Pam Grier
Pam Grier and Filmmaker Quentin Tarantino pose on the Hollywood Walk of Fame on Dec. 21, 2015 in Hollywood, California. Getty Images

Pamela Suzette Grier, who was honored at the annual "Salute Her: Beauty of Diversity Awards Luncheon" over the weekend, rose to fame in the early 1970s for acting in films based on women oppression and exploitation of black people like "The Big Bird Cage", "Coffy", "Foxy Brown" and "Sheba Baby.”

In an interview with the Associated Press published Tuesday, she spoke about female action heroes and doing her stunts herself. She also made a political remark in the interview as she criticized President Donald Trump and slammed his "Made in America” slogan.

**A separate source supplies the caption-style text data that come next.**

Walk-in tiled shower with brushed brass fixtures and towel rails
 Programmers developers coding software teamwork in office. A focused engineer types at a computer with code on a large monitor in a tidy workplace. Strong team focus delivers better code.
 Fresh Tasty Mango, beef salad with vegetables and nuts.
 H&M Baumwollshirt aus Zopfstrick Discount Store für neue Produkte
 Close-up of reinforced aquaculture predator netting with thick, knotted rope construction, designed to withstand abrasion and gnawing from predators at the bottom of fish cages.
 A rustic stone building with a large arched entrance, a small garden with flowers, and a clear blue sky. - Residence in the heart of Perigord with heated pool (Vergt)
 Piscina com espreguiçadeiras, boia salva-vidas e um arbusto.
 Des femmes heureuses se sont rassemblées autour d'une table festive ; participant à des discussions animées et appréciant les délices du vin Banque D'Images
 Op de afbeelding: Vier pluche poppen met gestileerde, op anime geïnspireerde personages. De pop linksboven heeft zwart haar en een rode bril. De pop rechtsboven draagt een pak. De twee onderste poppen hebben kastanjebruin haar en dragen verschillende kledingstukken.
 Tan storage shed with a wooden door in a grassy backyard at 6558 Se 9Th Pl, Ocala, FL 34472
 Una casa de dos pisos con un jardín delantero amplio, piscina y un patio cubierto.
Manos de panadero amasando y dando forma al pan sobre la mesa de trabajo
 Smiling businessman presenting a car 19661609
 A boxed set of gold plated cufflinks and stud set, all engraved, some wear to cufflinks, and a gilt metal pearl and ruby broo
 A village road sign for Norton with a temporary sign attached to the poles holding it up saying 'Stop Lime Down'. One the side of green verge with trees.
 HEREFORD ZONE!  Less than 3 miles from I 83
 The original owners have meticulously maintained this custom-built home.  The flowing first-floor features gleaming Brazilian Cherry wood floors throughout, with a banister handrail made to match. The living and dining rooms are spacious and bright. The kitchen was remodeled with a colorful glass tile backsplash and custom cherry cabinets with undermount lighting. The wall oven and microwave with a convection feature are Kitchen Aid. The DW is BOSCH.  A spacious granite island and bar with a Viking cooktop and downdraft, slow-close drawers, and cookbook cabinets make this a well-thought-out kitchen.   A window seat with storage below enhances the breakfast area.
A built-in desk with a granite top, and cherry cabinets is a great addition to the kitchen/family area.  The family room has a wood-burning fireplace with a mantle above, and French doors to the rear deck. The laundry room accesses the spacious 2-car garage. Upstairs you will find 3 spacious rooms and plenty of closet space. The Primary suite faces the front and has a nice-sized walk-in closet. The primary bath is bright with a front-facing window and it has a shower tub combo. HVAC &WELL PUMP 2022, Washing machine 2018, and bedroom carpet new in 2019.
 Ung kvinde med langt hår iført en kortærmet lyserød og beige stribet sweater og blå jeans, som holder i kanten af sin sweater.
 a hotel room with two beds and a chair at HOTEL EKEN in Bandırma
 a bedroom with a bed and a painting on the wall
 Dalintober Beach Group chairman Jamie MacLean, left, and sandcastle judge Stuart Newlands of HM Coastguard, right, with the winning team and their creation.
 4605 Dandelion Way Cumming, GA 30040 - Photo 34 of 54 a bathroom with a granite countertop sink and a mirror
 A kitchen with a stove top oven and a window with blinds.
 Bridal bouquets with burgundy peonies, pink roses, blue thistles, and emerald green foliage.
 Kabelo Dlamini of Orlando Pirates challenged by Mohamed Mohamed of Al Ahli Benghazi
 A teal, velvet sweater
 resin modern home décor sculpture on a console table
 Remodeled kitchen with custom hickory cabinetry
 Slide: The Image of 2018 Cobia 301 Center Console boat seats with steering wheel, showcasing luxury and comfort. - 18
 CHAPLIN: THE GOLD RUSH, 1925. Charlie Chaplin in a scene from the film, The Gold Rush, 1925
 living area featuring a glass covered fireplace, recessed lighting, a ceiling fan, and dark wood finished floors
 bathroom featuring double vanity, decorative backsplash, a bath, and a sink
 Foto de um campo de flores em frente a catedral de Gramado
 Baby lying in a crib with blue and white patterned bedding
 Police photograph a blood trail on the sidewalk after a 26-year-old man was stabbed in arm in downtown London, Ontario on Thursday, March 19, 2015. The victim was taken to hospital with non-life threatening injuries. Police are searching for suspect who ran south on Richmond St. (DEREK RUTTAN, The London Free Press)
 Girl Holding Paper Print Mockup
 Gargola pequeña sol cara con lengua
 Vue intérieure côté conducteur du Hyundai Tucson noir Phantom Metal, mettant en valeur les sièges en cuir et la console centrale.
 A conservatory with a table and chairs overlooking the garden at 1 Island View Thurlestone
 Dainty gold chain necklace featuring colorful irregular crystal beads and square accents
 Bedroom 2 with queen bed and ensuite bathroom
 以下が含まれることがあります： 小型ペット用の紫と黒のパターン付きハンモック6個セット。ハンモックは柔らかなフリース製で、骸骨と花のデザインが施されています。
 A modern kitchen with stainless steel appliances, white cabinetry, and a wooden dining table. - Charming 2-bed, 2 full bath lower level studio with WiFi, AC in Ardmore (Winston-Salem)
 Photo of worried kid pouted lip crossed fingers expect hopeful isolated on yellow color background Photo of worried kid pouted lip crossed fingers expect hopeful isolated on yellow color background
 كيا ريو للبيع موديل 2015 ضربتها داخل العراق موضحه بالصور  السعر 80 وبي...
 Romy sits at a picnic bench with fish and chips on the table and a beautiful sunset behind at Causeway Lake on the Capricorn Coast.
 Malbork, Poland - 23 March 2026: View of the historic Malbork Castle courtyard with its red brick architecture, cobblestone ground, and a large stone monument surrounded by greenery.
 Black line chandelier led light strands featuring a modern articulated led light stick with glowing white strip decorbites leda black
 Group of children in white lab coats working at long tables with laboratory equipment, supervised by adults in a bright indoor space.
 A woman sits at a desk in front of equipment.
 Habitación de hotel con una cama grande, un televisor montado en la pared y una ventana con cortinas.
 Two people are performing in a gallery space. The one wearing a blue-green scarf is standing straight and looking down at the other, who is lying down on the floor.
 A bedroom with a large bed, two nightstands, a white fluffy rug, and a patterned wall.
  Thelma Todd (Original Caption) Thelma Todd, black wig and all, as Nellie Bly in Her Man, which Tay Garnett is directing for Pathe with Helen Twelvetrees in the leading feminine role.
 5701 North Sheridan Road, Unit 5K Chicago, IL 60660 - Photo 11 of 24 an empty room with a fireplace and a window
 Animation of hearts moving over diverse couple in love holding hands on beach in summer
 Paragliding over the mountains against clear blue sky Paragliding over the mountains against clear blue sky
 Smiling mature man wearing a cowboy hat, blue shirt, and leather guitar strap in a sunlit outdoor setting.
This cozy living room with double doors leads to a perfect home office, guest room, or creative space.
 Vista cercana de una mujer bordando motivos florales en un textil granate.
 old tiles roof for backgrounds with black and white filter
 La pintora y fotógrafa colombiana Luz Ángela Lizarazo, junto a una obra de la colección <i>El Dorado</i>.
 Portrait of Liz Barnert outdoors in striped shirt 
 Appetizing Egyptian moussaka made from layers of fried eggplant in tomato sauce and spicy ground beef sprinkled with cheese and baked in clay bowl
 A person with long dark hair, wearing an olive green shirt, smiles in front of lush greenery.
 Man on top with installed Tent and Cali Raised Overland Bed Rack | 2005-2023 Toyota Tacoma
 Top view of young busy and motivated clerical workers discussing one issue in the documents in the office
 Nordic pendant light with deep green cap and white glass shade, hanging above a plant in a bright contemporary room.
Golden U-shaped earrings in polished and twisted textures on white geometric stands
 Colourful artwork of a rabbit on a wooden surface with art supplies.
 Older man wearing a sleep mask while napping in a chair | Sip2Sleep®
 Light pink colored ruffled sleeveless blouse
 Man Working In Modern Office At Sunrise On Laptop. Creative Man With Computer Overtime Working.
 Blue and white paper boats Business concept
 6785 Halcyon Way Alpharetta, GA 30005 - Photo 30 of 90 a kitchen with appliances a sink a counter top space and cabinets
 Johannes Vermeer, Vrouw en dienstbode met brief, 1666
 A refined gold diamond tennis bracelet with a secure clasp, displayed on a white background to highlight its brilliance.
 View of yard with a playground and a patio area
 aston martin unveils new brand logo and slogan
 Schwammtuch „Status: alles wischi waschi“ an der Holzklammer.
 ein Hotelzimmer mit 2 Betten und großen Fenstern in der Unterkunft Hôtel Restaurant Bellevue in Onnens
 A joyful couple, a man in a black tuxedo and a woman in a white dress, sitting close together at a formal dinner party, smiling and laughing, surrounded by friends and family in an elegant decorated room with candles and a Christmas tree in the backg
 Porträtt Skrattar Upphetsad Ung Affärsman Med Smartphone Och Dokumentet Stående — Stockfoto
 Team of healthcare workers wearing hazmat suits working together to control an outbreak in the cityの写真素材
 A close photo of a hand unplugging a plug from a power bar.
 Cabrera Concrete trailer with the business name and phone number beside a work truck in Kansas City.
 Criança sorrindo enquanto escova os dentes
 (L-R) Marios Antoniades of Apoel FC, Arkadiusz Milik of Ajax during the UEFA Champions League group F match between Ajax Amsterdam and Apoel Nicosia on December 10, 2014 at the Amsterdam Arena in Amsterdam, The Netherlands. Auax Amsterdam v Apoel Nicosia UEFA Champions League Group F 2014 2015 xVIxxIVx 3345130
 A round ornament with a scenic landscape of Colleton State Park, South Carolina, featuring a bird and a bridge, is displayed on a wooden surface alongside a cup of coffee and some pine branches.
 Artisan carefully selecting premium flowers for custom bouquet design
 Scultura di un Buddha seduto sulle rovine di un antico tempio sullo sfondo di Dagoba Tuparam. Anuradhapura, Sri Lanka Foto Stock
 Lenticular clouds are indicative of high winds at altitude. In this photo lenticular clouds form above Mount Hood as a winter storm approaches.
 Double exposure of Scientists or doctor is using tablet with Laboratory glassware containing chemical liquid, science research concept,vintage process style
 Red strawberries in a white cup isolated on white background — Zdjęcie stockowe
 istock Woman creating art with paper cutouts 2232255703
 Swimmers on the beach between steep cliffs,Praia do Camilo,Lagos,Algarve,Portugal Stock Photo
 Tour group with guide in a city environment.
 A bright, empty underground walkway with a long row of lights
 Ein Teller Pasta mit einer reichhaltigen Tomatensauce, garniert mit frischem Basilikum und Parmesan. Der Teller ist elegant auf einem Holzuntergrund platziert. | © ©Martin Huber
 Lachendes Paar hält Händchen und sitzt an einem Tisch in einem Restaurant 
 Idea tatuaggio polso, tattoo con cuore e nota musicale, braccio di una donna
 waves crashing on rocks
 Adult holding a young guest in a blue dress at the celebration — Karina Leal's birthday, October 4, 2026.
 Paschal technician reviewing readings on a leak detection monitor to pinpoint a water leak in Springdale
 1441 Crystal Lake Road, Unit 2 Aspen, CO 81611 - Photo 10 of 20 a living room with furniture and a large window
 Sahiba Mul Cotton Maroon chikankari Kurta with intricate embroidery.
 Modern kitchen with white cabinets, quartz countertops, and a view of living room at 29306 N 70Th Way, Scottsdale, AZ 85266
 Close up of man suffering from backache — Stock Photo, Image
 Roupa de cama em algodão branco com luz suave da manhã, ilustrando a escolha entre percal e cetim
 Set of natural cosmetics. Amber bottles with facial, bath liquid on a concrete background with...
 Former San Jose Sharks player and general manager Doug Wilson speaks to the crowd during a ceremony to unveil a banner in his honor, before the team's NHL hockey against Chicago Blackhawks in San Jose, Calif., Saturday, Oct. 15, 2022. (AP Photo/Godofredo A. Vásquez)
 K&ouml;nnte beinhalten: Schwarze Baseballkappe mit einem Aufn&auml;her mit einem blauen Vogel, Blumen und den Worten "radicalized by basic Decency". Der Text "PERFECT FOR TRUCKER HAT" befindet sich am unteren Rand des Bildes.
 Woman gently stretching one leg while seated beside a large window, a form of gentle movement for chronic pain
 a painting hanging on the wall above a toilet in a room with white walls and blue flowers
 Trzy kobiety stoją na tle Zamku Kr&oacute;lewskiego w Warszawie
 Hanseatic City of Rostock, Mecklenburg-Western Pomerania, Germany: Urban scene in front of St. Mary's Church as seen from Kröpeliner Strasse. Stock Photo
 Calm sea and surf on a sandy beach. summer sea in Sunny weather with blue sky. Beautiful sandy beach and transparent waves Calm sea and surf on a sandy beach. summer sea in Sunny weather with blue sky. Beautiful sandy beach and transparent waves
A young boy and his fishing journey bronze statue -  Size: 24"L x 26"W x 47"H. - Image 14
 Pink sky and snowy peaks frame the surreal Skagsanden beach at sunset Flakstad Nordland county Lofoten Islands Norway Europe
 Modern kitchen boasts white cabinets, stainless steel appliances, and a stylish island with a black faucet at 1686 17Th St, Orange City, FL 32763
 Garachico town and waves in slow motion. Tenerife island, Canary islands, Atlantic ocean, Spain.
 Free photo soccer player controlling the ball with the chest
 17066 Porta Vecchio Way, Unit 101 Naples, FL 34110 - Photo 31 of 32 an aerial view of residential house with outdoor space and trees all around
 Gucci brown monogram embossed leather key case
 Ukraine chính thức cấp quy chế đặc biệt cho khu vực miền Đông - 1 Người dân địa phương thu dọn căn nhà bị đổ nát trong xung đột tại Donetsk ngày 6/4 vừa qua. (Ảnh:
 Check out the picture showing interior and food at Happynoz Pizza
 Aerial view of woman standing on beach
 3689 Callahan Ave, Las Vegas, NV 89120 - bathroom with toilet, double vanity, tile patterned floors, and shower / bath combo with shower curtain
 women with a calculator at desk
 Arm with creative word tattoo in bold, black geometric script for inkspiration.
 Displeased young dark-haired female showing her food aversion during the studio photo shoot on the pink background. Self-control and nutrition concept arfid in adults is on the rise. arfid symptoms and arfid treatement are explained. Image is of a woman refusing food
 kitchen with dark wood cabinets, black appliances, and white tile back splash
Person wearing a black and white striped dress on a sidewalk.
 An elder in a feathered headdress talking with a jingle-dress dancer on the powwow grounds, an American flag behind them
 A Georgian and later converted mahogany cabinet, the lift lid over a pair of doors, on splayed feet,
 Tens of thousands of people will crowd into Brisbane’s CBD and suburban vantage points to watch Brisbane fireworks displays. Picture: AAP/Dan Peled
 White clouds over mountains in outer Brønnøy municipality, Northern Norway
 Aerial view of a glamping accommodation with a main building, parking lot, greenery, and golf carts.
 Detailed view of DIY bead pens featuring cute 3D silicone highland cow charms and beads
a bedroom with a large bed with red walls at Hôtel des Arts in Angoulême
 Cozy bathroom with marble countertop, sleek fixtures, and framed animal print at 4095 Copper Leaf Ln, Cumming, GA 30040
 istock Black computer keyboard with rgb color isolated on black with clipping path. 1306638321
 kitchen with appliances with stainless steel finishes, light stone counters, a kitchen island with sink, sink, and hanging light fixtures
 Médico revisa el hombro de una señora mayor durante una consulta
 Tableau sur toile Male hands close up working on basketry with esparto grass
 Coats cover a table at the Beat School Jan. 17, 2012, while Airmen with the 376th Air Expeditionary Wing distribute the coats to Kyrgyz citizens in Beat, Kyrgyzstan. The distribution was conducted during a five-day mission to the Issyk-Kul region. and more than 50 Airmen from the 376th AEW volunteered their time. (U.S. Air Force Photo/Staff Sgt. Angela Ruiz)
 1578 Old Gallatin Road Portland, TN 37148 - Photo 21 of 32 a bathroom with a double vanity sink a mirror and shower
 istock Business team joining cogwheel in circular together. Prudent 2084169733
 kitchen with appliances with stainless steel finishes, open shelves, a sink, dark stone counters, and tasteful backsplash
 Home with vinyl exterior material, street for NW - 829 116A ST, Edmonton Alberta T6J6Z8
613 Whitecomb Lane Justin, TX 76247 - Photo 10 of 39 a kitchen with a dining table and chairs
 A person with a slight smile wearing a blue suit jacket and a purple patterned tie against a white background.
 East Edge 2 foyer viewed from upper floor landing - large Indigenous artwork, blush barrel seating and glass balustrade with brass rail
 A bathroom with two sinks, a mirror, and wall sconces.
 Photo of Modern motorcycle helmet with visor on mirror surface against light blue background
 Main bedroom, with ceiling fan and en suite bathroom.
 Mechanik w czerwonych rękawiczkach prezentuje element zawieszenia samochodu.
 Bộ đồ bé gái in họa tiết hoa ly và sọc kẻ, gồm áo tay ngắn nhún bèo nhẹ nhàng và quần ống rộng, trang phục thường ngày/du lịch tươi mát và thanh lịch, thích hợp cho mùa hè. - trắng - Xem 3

"Here's a man who said he was going to offer jobs, well, your caps are made in China," Grier said. "I haven't heard him say that he would have a factory here to put people to work. I haven't heard his daughter say they would start a factory here to put people to work, so I'm confused. I'm like, 'Where's the logic here?'"

Grier also recalled how she was offered a chance to be on Trump's show "The Apprentice," but she rejected it saying she does her "due diligence" on people before working with them. But she is not the only celebrity to have voiced her opinion against the president.

Many renowned people from Hollywood expressed their concern minutes after Trump was announced the winner of the presidential election in November. Actor Cheyenne Jackson had tweeted: "A true American Horror Story." Actor and comedian, Seth Woodbury MacFarlane, also took to Twitter to make a sarcastic remark.

"Modern Family" actor Jesse Tyler Ferguson wrote on the microblogging site: "I'm taking tonight to grieve for minorities, women, immigrants, Muslims & the LGBTQ community but tomorrow I'm waking up ready to fight."

On Jan. 21, dozens of celebrities joined the Women's March protesters in Washington D.C. including Madonna, Alicia Keys, Scarlett Johanson, Ashley Judd, America Ferrera and Michael Moore. During the march, Moore ripped apart a copy of the newspaper, The Washington Post, which had the headline "Trump takes power." She looked at the headline and said: "I don't think so."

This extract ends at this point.